Now, what Click doesn’t mention — and perhaps rightly so — is that part of what had Tweeters typing like crazy was a potentially incendiary phrase uttered during the Q&A session. Discussing where media studies needs to go in order to remain relevant during the next century, McPherson pointed out that “as lovely and elegant as Lost is, it doesn’t really matter.” This particular phrase echoed through the Twittersphere, Tweeted by myself and others, reaching hundreds of scholars following the conference remotely. This particular point was one of the most circulated (at least virtually) of the conference, and inspired Jason Mittell to author a response of sorts on his blog entitled “Don’t Tell Me What I Can’t Do.” (For those of you not in media studies: there’s tension in the academia between those who think that studying actual texts is important and others who find it not as crucial to the future of the discipline. See McPherson’s response to Jason’s piece for more conversation on that point.)

Importantly, the comment simultaneously was and was not taken out of context. Sure, without actually hearing all of the talk — or the specific wording of the question to which McPherson was responding — it’s difficult to know exactly what she meant. But at the same time, myself and others were diligently live Tweeting snippets and key concepts from her address — which, to be very clear, I *loved.* Here’s just a sampling of what I tweeted from the talk — this was probably written over the course of about 3 minutes:

Thus, when I and others Tweeted her comment on “Lost doesn’t really matter,” it wasn’t without already having worked diligently to establish the other ideas and concepts that she was forwarding. McPherson herself was disappointed that a single comment — one that Nina Huntemann appropriately termed “media studies bait” was what many took away from the talk. Again, I’d like to emphasize that there were many other ideas taken away from the talk — especially the ‘silo-busting’ phrase — and that McPherson is correct to be disappointed if that’s what people remembered from the otherwise inspiring, challenging, deeply insightful address.

But not only would I say that it’s not what those in actual attendance took away — it’s also not what those in the Twittersphere took away…..unless they tuned in for a single 3-minutes of Tweets and refused to look before or after. And for better or worse, McPherson knew she was being live-Tweeted, and that that phrase, no matter the context ,would read as incendiary. As Bethany Nowviskie points out, most of those critiqued on Twitter at academic conferences are also *present* on Twitter and able to respond; appropriately, Tara McPherson regularly tweets from conferences and even live-tweeted the speeches leading up to her own.

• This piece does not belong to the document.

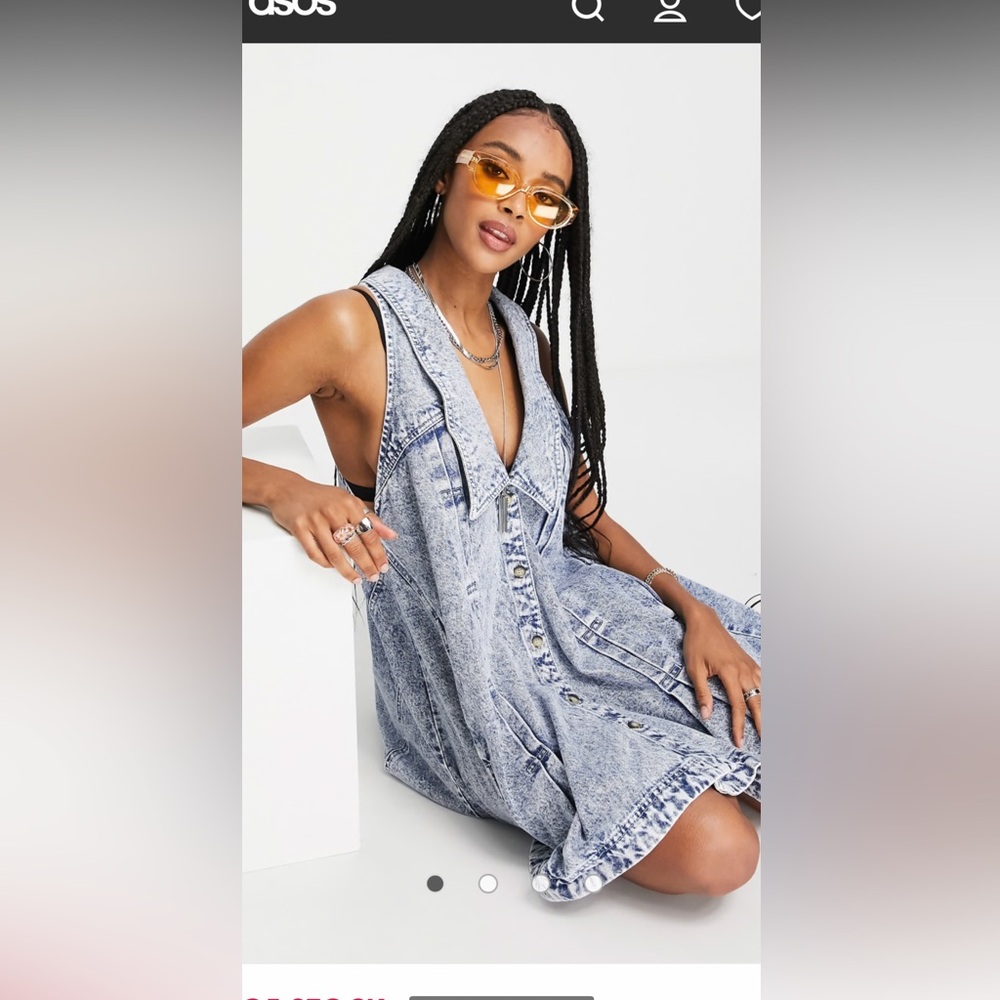 New with Nordstrom tag Free People Katie Denim dress with oversized collar.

Which all brings me to my overarching point and title of this post: how criticism of how scholars are Twitter has the potential to scare grad students away from using it — especially in the conference setting — altogether.

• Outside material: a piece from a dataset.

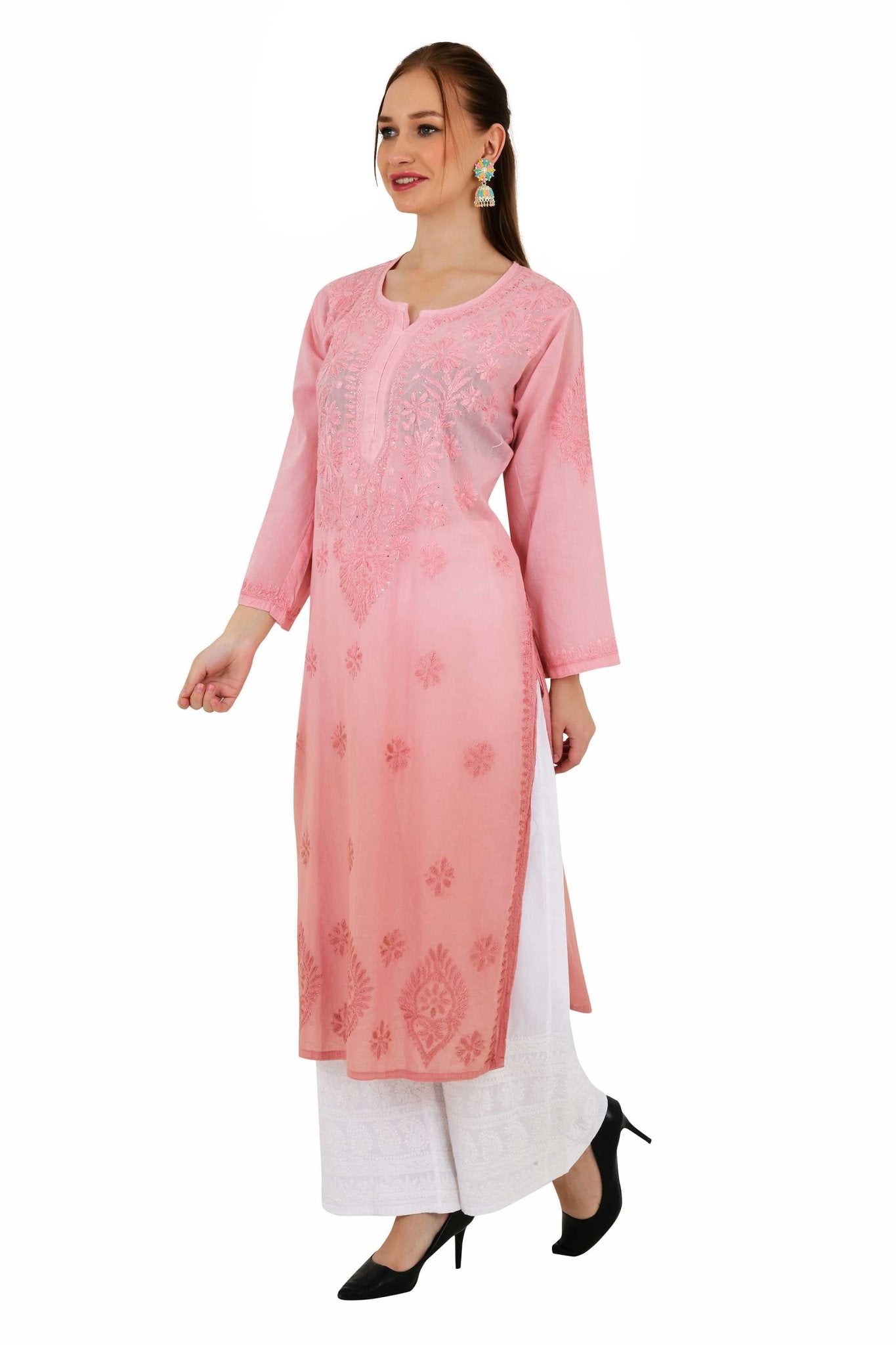 Anam Rayon Muqaish Peach kurta - Lucknow Threads200_PEACH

Because our conferences are (relatively) small and the number of people Tweeting them is even smaller, those who are participating in the backchannel are highly visible. Many people *follow* the backchannel on their smartphones, but participate little or not at all — in part because it’s too cumbersome to update swiftly and eloquently on such devices. Yet those who are updating frequently, as I was, in part because I had a computer, but also because I’m a ridiculously fast typist (thanks to an Apple IIe program called ‘PAWS’ that I played non-stop from age 5-8), my handle and name was incredibly visible on the feed. Looking at the stream now, I’d venture that 75% of the Tweets came from non-professors.

Put differently, those who are in some ways most vulnerable to rumor and word of mouth — e.g. graduate students — are not only doing most of the labor in making the conference visible to the rest of the world….but also exposing ourselves to criticism and visibility by those who think that a.) Twitter doesn’t have a place at conferences or b.) we’re ‘getting it wrong.’ What bothers me about these particular critiques is their passive aggressivity: if I’m doing it wrong, tell me so, either in real life or on Twitter. Part of why I like Amanda’s recent post so much is her willingness to think through what worked and didn’t work with Twitter at CP — but I think that we need to have more frank conversations, especially with those who not only don’t Tweet, but don’t read academic blogs. To put it plainly: we need to have conversations with those who are most critical and dismissive of Tweeting, who are most often (but certainly not always) senior scholars, and who are often in charge of whether or not we, as graduate students, get hired.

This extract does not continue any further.